Just say YES (or whatever)
GNUFOTAINMENT
My attention has just been brought to the fact that film director Sally Potter has been keeping a blog about her new film, YES.
YES stars Joan Allen (who has already won Best Actress at the Seattle International Film Festival) as a woman who has an extra-marital affair with a Muslim Lebanese man (Simon Abkarian). The film is interesting, not just because of its relevant to current events, but also because it's entirely written in iambic pentameter...
In an open letter to Shooting People, the UK film-makers' network of whom she has just become the latest patron, Potter writes:
What is it that is so different about writing a blog, compared to other kinds of writing? It is a kind of improvisation where the search for precision and perfection is less important than raw immediacy, and where the moment is more important than the traces one might leave for posterity. As an experience it is closer to being an improvising musician and performance artist (which is how I spent most of my twenties) than the process of screenwriting with its endless rewrites.
I hadn't thought about it that way, but I see that she's right. I've been aiming always to produce blog posts which could (topicality aside) stand up as enduring writing, but I can understand that there is a more appropriate philosophy. As Judith in Life of Brian shouts: "Something's happening, Reg! Something's actually happening!"
That's what blogging is about, isn't it? Saying that something's happening. Here and now. Real-time comment. It seems very Zen, in a way.
So, fellow bloggers, just say 'YES'. Or whatever you feel like saying at this particular moment.
2 Comments:
NO! I will not write unedited crap.
If this is what a blog is, this "in the moment" crap of the type I write on first draft, then I quit.
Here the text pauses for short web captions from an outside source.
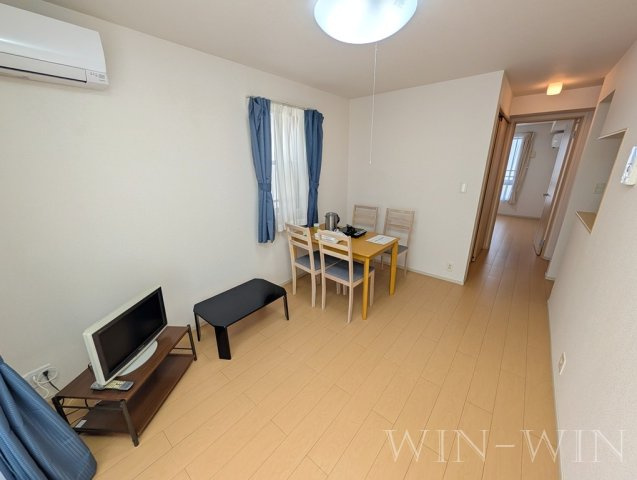 メゾンミニョンの居間・リビング|イメージ（同建物内別部屋の写真です）
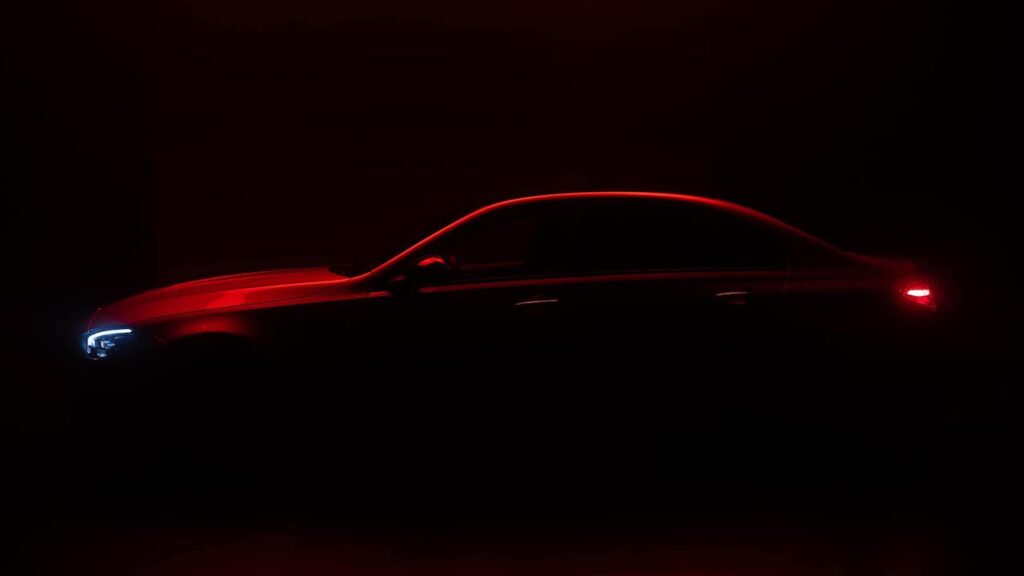 Mercedes-AMG C 63 E Performance: debutterà il 21 settembre [VIDEO TEASER]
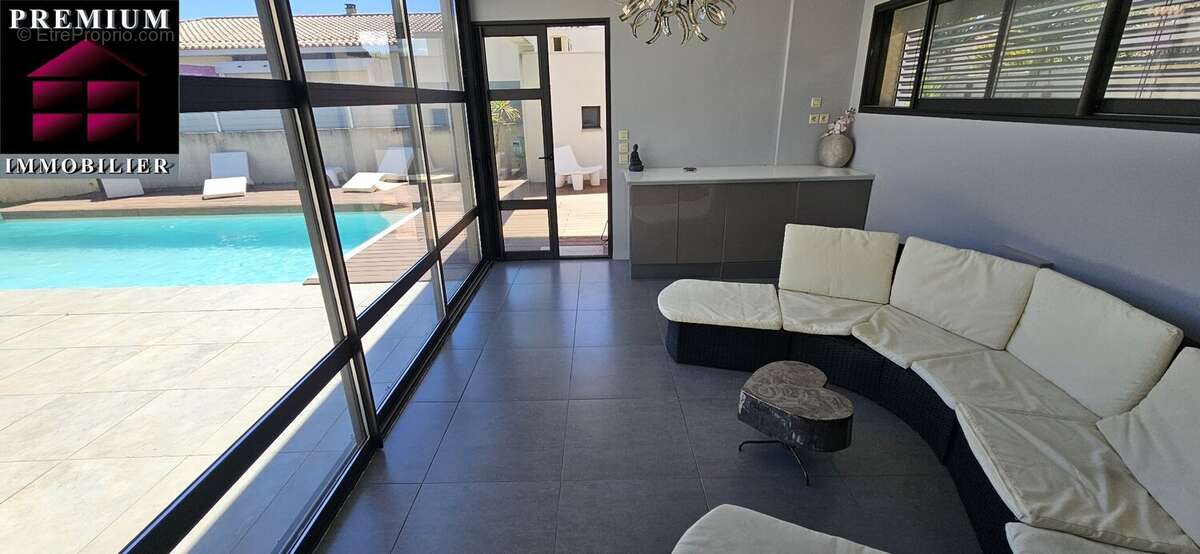 Maison à SAINT-ESTEVE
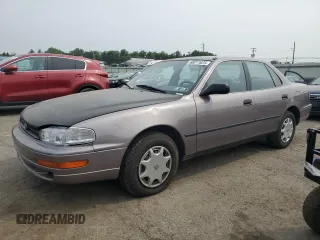 1992 Toyota Camry z VIN 4T1SK11E8NU009222, wystawiony jako Copart lot #60811625 z przebiegiem 143 925 mil mil oraz Czysty tytuł • Clean title. Historia ofert i sprzedaży dostępna na DreamBid. Obrazek 1.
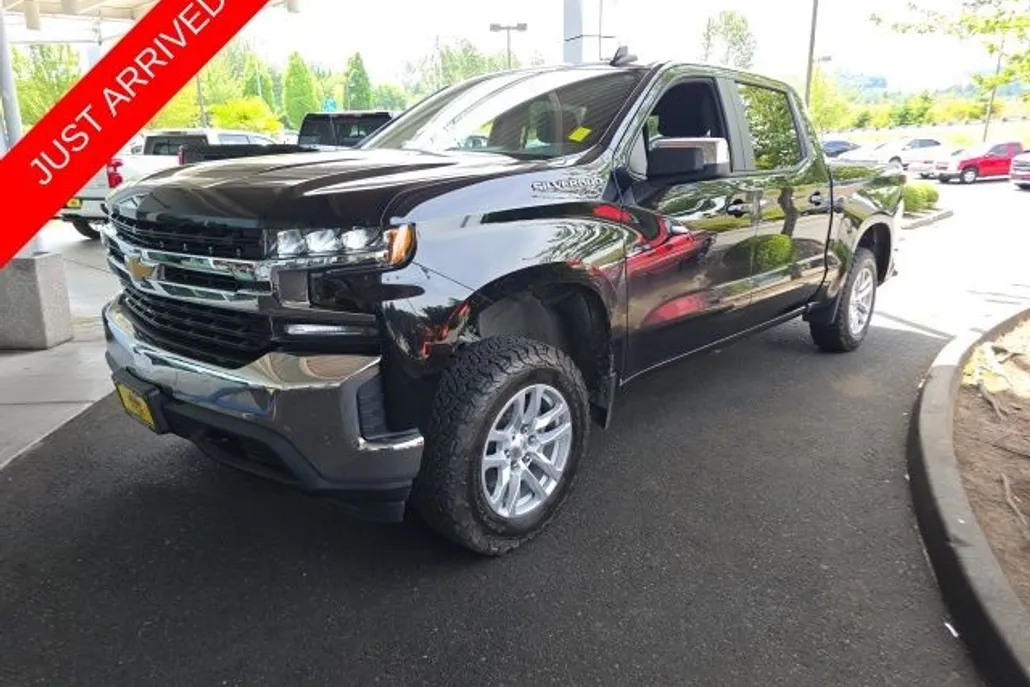 2020 Chevrolet Silverado 1500 LT photo 1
Even my third draft is pretty sucktacular.
Geez.
Hey, have fun in whichever corner of England you're disappearing to. I'm off to Ireland next week.
I like this European idea of a vacation every other week!
Well, it seemed like the right thing to say at the time...
Perhaps spontaneity should be carefully planned, after all.
Enjoy Ireland, Kathy. I haven't been myself, although I do enjoy reading about it.